A list of supported BS would be expected here, as for JOBEXEC_EXECMNGR_2.
- Added list as JOBEXEC_EXECMNGR_2
Providing interactive login to remote machine also involves specific configuration on the WN. That can only depend on the site administration policies. Of course we are not speaking of interactive root access to a virtual machine here. In any case, I'd relax the original statement into something like "provide interactive, shell-like access to a worker node". That could simply be done, for example, by redirecting stdin&out over a socket.
- This Criterion is explicitly intended for interactive login (such as what gsissh provides). The case described by EMI can be considered as part of INTERACTIVE_JOB_4.
INTERACTIVE_JOB_4 encompasses what described in INTERACTIVE_JOB_3
- This is intended. There might be middleware that only does one direction communication (INTERACTIVE_JOB_3) and we want to have a criterion for it.
EMI-ES is missing. In general, most of the above comments (JOBEXEC_IFACE_1, JOBEXEC_JOB_*) apply to JOBSCH_EXEC_* items as well.
- Added EMI-ES as a possible interface.
- Corrected JOBSCH_JOB_3 (Cancel of jobs)
Submission of collection should be limited to a determined maximun number of nodes.
- Not sure what this means: maximum number of nodes in the collection? Maximum number of nodes (CEs) to test?
DAG jobs should work for all the CEs supported by the metascheduler, not only for a subset. Also, the ability to support workflows (jobs with cyclic dependencies whose exit condition is to be evaluated at run-time) should be taken into account.
- Added in the pass/fail description to test for all the supported Job Execution Interfaces supported.
- More complex workflows are to be covered by the "workflow capability" not yet covered by the criteria.
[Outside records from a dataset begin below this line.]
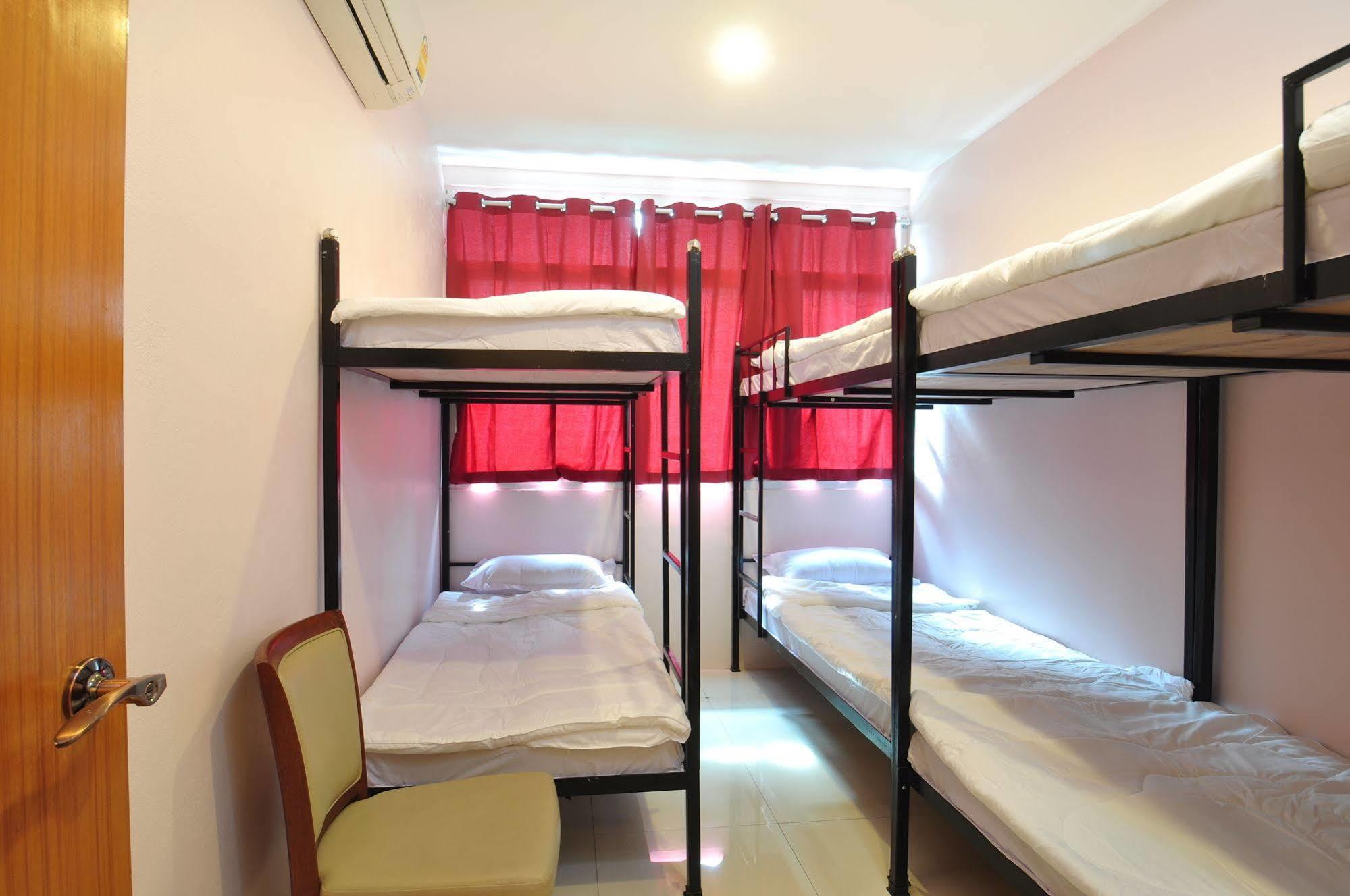 בנגקוק Orchid Hostel מראה חיצוני תמונה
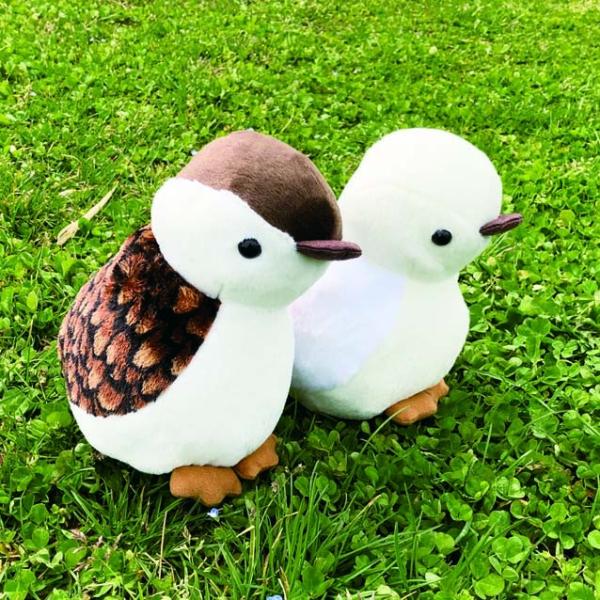 雷鳥ぬいぐるみヒナ M タイインク Ty Inc. プレゼント : エイコー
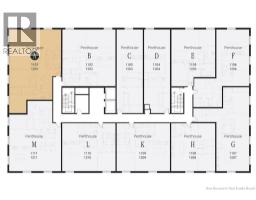 99 King Street Unit# Penthouse A, Saint John, NB E2L2H7 Photo 17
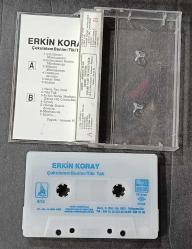 ERKİN KORAY * ÇUKULATAM BENİM / TİKİ TAK * KASET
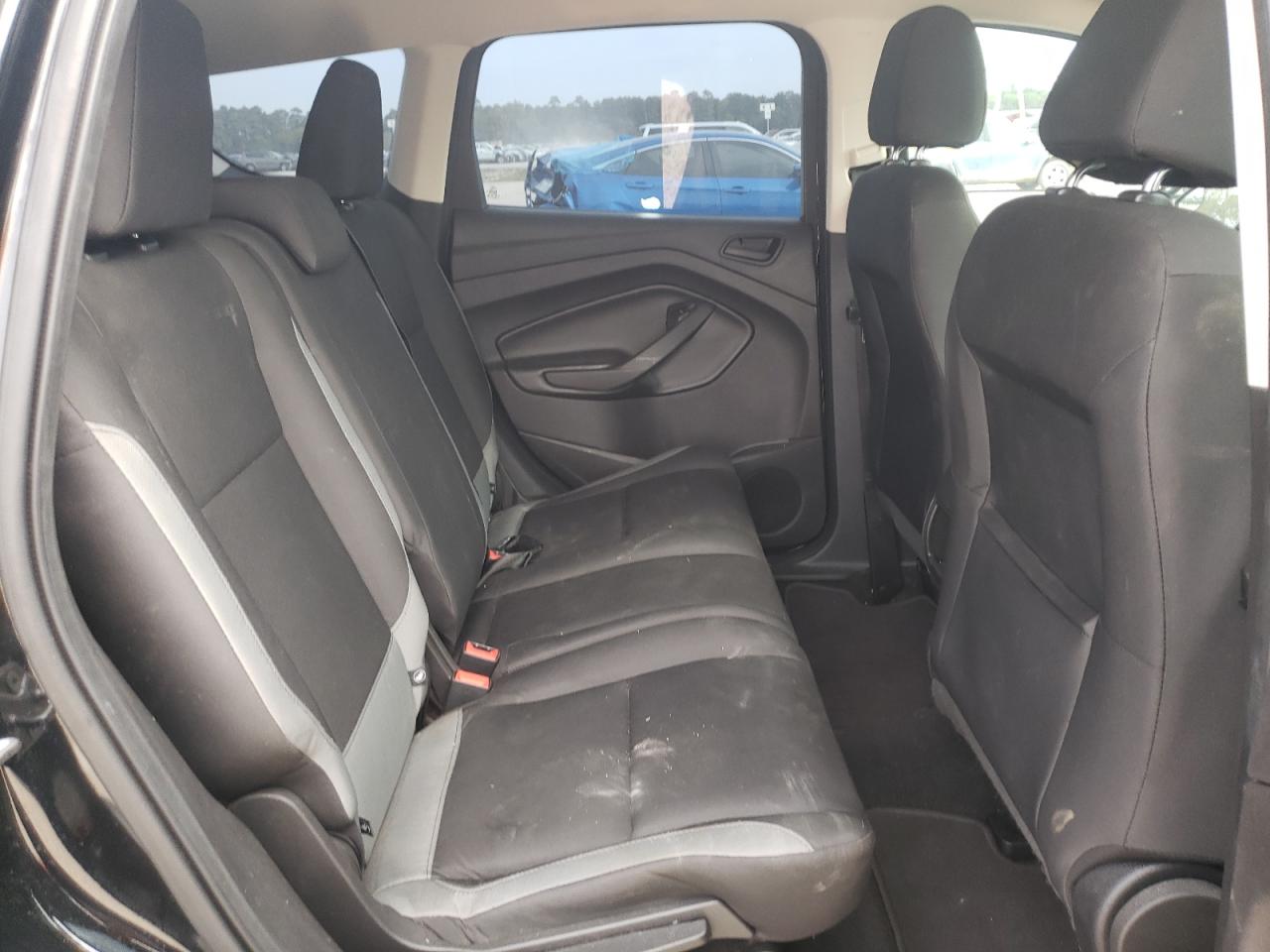 Photo 6 from auction – 2016 FORD ESCAPE S with VIN 1FMCU0F75GUA97068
JOBSCH_WMS_1 & JOBSCH_WMS_2
it is not clear in this context the meaning of "Input from Technology Provider: Test and for checking resubmission mechanism".
"A test to submit a job and check if it is accepted or rejected, specially for big JDLs", repetead in JOBSCH_WMS_3 maybe it should be something about resubmission, i.e. the sentence in JOBSCH_WMS_1. In fact JOBSCH_WMS_3 correctly reports another: "A test to submit a job and check if it is accepted or rejected, specially for big JDLs"
- C&P error: There was a confusion in the description of criteria
Data Quality Criteria (Patrick Fuhrmann)
It might be just the phrasing but in some cases the section "Input from Technology Providers" refers to "Test to check ..." in other cases the documents reads "Test suite for ...". The technology providers (which translates to PT's in the EMI world I guess) are not supposed to provide test suites. Testing is done within the framework of the PT and is reported in order to get the packages certified by EMI. PT's are happy to provide information on what is tested but a test suite again would be a product and as such would undergo the same procedures as a 'normal' product and would have to be negotiated between EGI and EMI. As an example: 2.1.1 "It must include tests for all the documented functions." That is certainly envisioned but rather naive and an enormous effort. The LFC is just an example. We should make this a medium term goal. We should focus on 'most used' funcationality first. Please keep in mind that we all only have limited efforts which needs to be used in a focused way.
- As discussed with EMI, if test are provided then EGI will use those, otherwise EGI will create its own tests.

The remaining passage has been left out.